Refreshing the carbene insertion tool

Insertion of a carbene would usually be followed by withdrawal of the tool and detachment of the final carbon. It is therefore necessary to add a carbon to the end of the tool to refresh it. We can transfer a dimer from the end of a polyyne to the end of a cumulene using the following method. First, bond the end of the cumulene and the polyyne. The resulting structure is somewhat schizoid. The left end is a cumulene and the right a polyyne, but where the change takes place is not always clear. We can shift this point by using a silicon radical. We can also weaken the bond we wish to break by using an appropriate transition metal catalyst. Force applied to the ends will now cause the linear carbon sequence to break, presumably at the transition metal. This sequence of reactions is illustrated below:

Reactions 9 and 10

This sequence adds two carbons to the end of the carbene insertion tool, thus refreshing it. If we wish to increase the number of carbene insertion tools (note that we added carbons to a carbene insertion tool, but did not increase their number) we could take the lengthened carbene insertion tools and attach them to a diamond surface: the (100) surface seems particularly attractive for this purpose. Breaking the resulting cumulene would then produce two carbene insertion tools when before there was only one.

We will sometimes wish to transfer a single carbon atom from the end of one cumulene to another (rather than transferring a dimer consisting of two carbon atoms from a polyyne to a cumulene). Two cumulenes are joined, and then separated. The point of separation is different from the point where they were joined. The point of separation is controlled by the point at which two silicon radicals are applied to the cumulene strand. This is illustrated in the following sequence:

Reactions 11, 12 and 13

Reaction 14

A hydrogen deposition tool

Several of the preceding reactions used a hydrogen abstraction tool (the ethynyl radical). As a consequence, we must refresh this tool without using tools which require the hydrogen abstraction tool for their production. At the same time, we wish to create a hydrogen deposition tool -- a tool with a weakly bonded hydrogen. When used, the hydrogen deposition tool will transfer a hydrogen to a specific site. After use, the hydrogen deposition tool will have to be refreshed by transferring a hydrogen to it.

The obvious solution to both these problems is to transfer the hydrogen from the abstraction tool to the deposition tool.

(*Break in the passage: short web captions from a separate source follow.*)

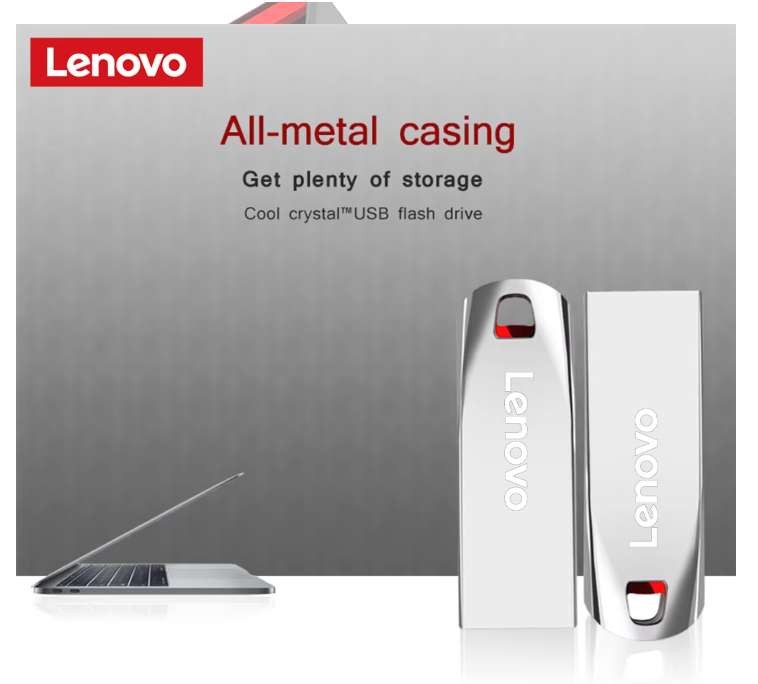Lenovo Generiskt 3.0 USB-minne - Rödsvart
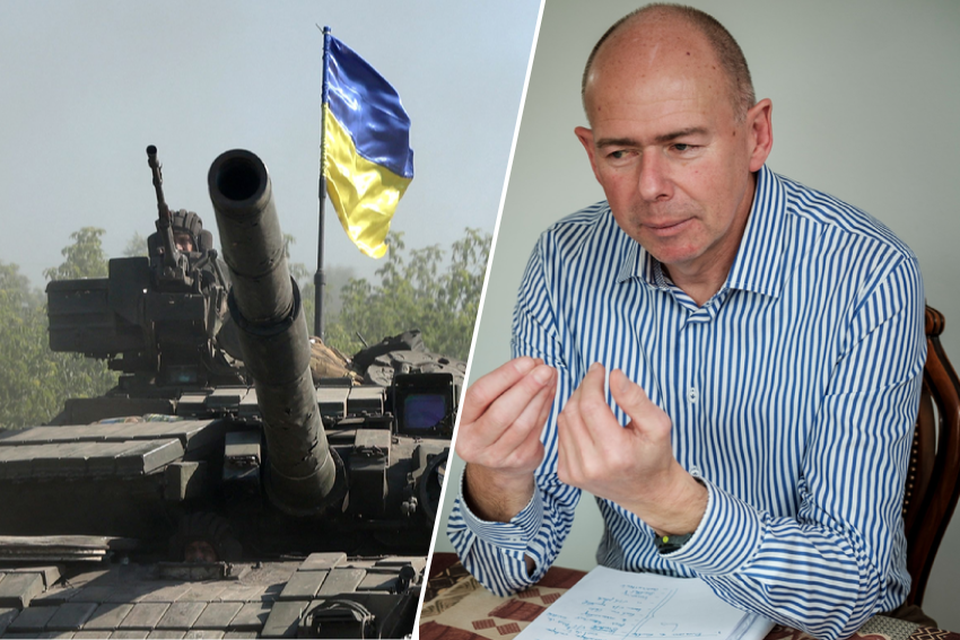 Oud-kolonel Roger Housen: “Oekraïne zal nog een tijdje voorzichtig vooruitgaan, ook in het oosten, en daar heel groots mee uitpakken.” 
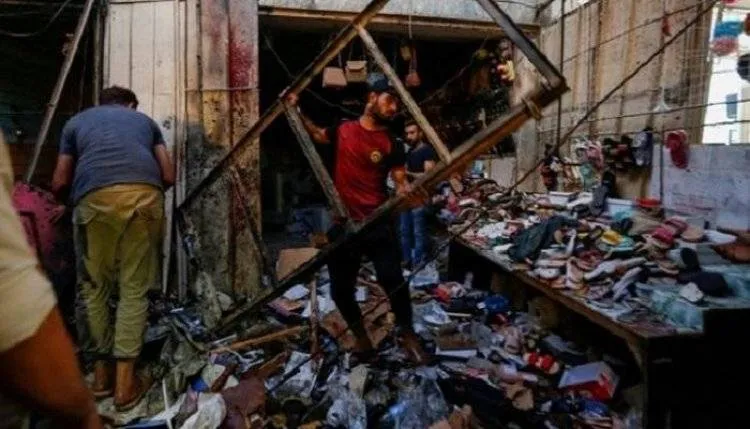 العراق: قتلى وجرحى في هجوم إرهابي على مجلس عزاء وسقوط صاروخ داخل شركة مصافي الشمال في بيجي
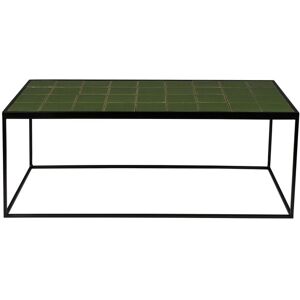 Zuiver Table basse en céramique vert Vert 93x36x43cm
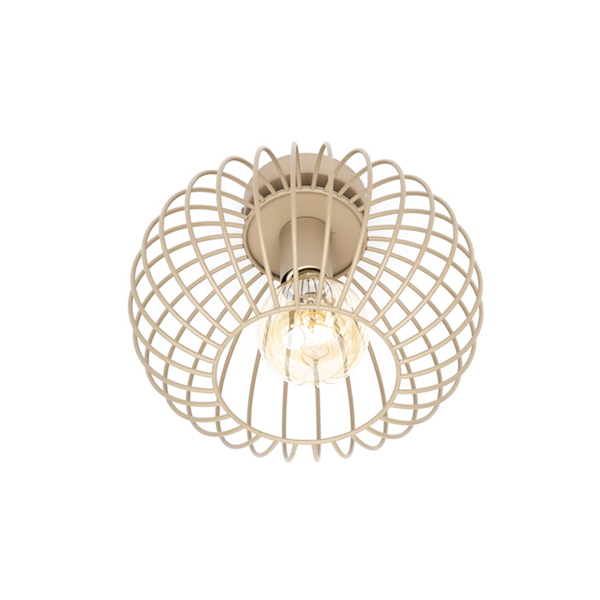 ETH Plafondlamp Wire Ø30x23cm – Mat Zand - Afbeelding 2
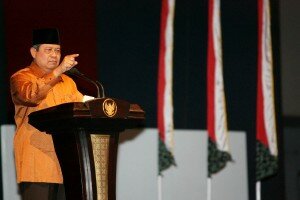 Presiden SBY memberikan sambutan pd Hardiknas 2009 f;i-one-8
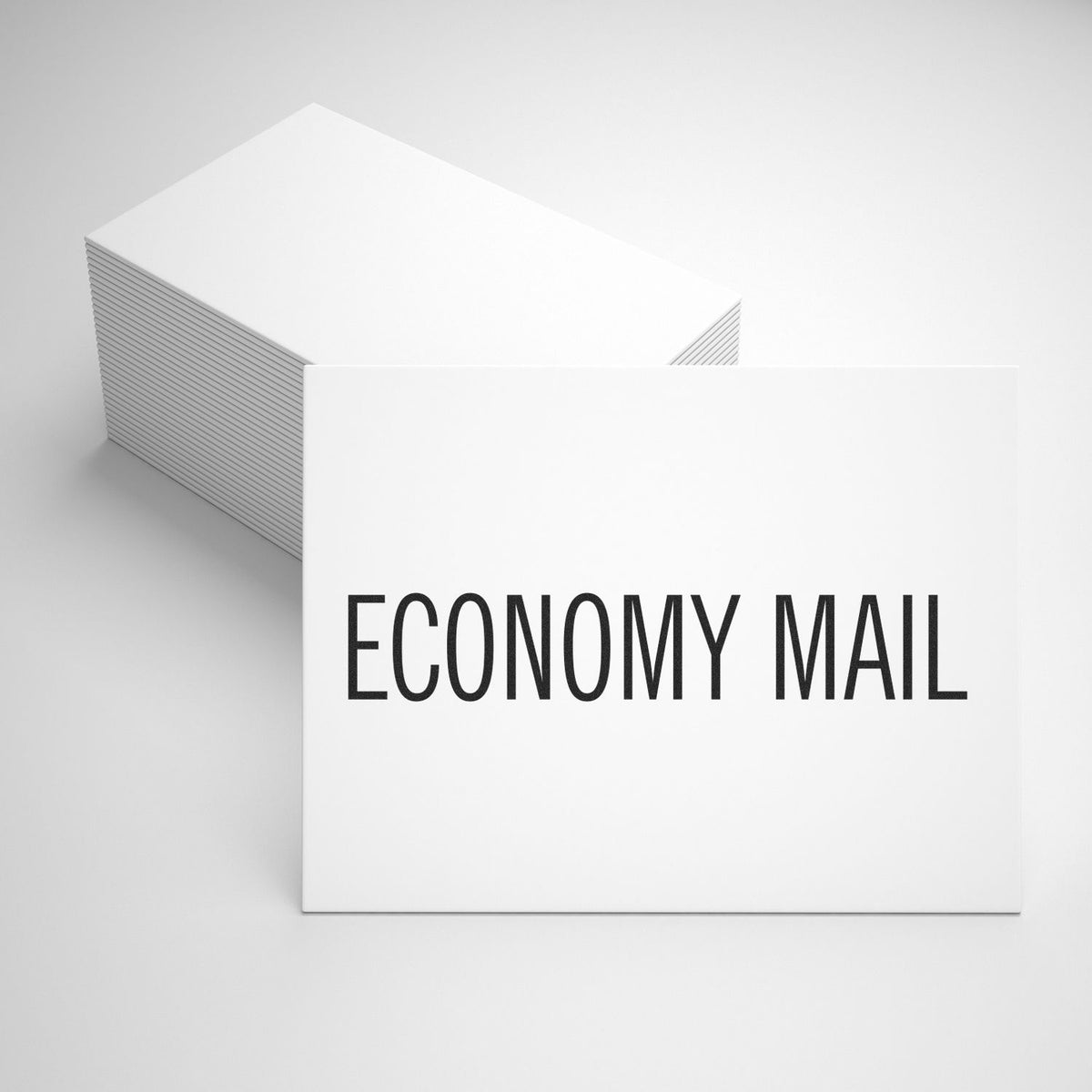 Economy Mail Rubber Stamp Lifestyle Photo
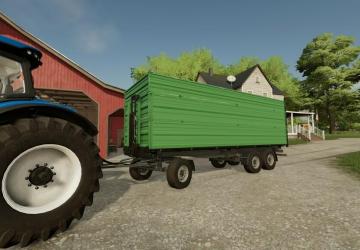 Lizard CX38 Tipper Trailer version 1.0.0.0 for Farming Simulator 2022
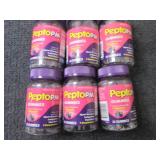 6- 24 ct Pepto PM Gummies...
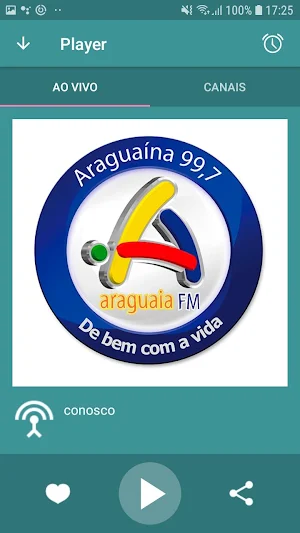 Rádio Araguaia de Araguaiana Screenshot 0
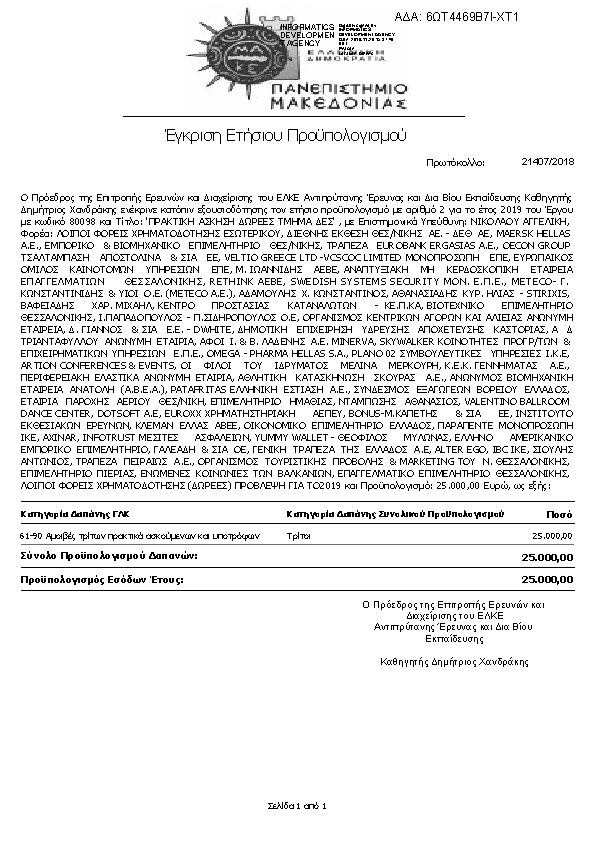 Πληροφορίες και προεπισκόπηση εγγράφου
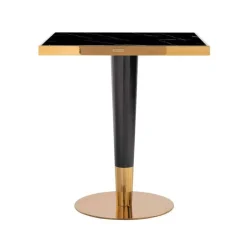 Richmond Eettafel Can Roca Square Zwart 70x70 cm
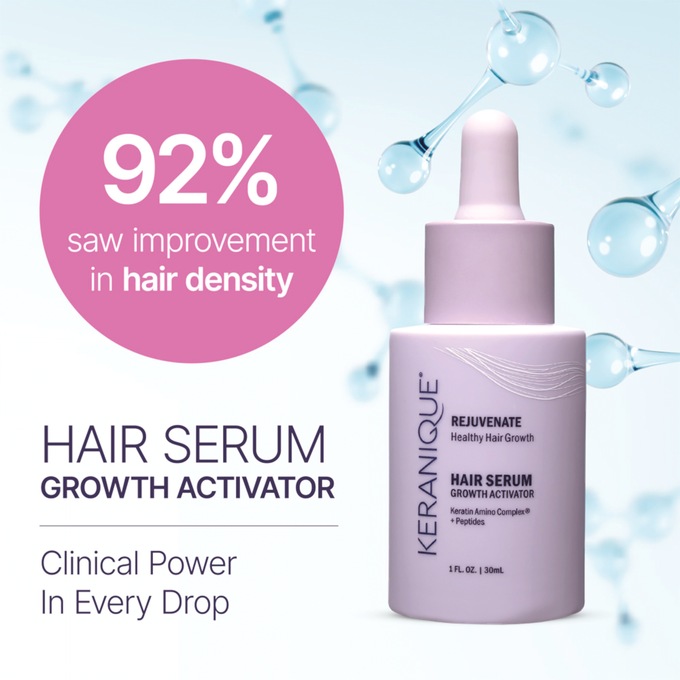 Keranique Hair Serum Growth Activator, , large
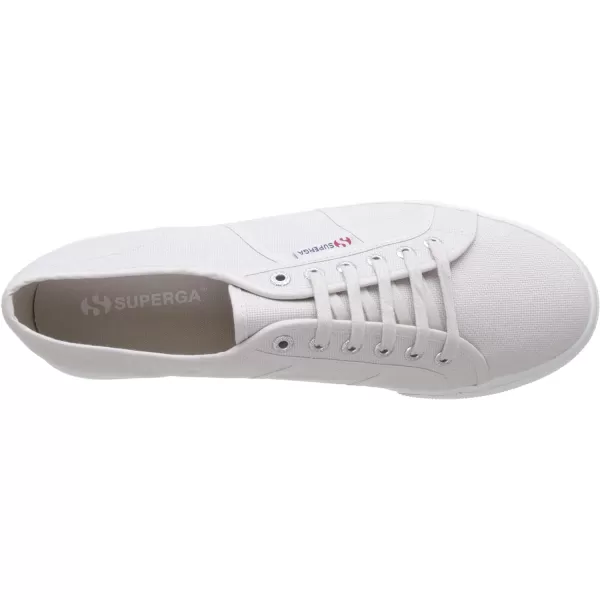 Superga Womens 2402 COTW SneakerGrigio Grey Seashell G04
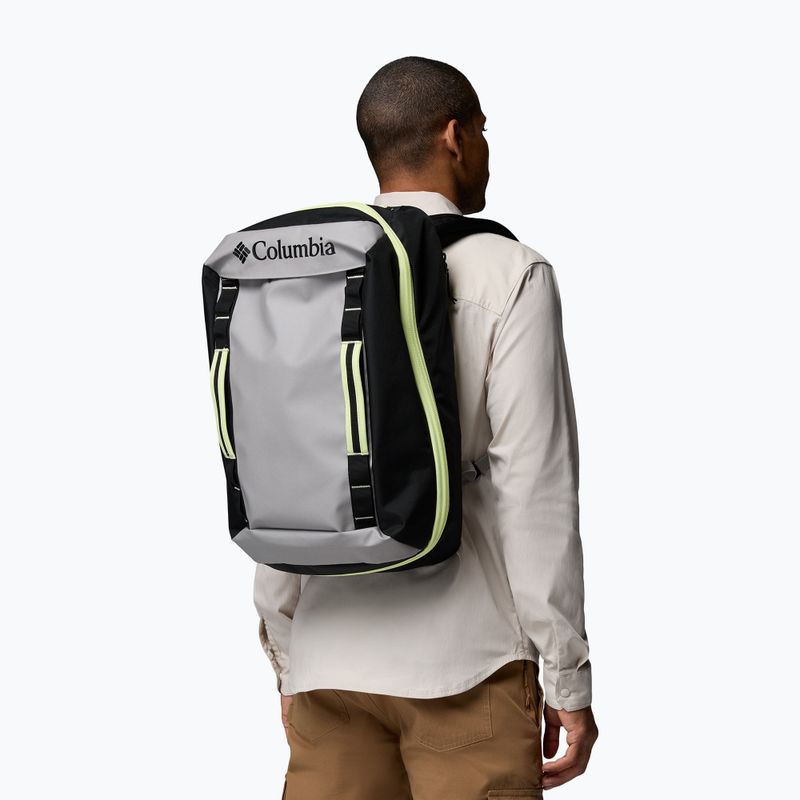 Rucsac de oraș Columbia Landroamer Travel 32 l flint grey/black/citron haze 7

As noted earlier, there are many possible structures that would serve as a hydrogen deposition tool. One candidate is tin, which forms a weak bond to hydrogen. One reaction to transfer a hydrogen from the abstraction tool to the depsosition tool is shown:

Reaction 15

This is similar to the proposal by (Drexler, 1992) and simultaneously refreshes both the hydrogen abstraction tool and the hydrogen deposition tool.

While this reaction is most useful, the tin radical is quite weak. While AM1 suggests that the H-C bond is weakened to 3 × 10^-19 J (~45 kcal/mol) by the radical addition, there might still be a barrier to abstraction by tin (and the AM1 estimate might itself be seriously in error, see below). On the other hand, positional control can be used to weaken the H-C bond by, e.g., straightening the C#C-C angle; and can also be used to overcome any barrier by the use of an applied force. It will be necessary to examine this reaction more carefully to determine if transfer of the hydrogen to tin can be performed in one step. If not, the hydrogen could be transferred to a somewhat stronger radical as an intermediate step.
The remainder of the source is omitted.